Tuesday, April 6, 2021

The Insidious Nature of Sunk Opportunity Cost

For this article I wanted to take a look at two concepts and pair them together. The first is the idea of sunk cost. This is cost that has already been paid. Often times this concept helps show a fallacy of “well, I am already this far, might as well keep going”. When you don’t know the bottom of a cost, it doesn’t make sense to keep going with a cost that’s not paying off. This is like investing in a “money pit” where your money keeps disappearing.

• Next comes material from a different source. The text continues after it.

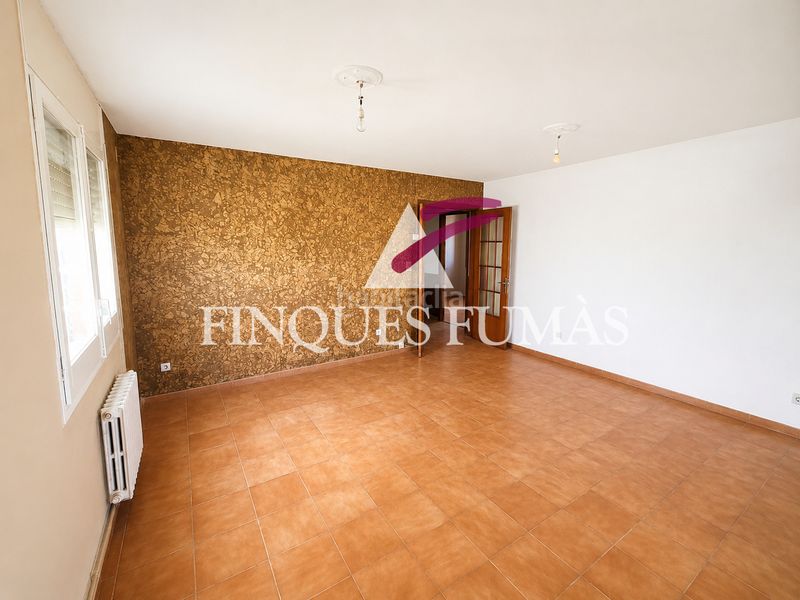 Foto cc71b57a-2d10-421e-ac37-2cd41b985e89. Xalet amb aparcament a Cervera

The second idea I want to add in is opportunity cost. This idea is basically that every action you take, can close off other actions. The classic analogy of this is that you can’t “have your cake and eat it too”. You can only do one thing and by doing that one thing, other ways are closed off to you. These other ways that are closed off are called an opportunity cost.

I want to take a moment and combine these two concepts. A sunk opportunity cost is continuing with a method because you are familiar with it. Consider it like being “stuck in your ways”, even when those ways don’t pay off. I wanted to take a moment and bring this up because I’ve been trying some promotions. Each of the promotions I’ve been trying don’t seem to work. The question I then need to ask is “am I trying too similar of promotions”? Am I simply stuck in my method of experimentation and not navigating out to a larger picture?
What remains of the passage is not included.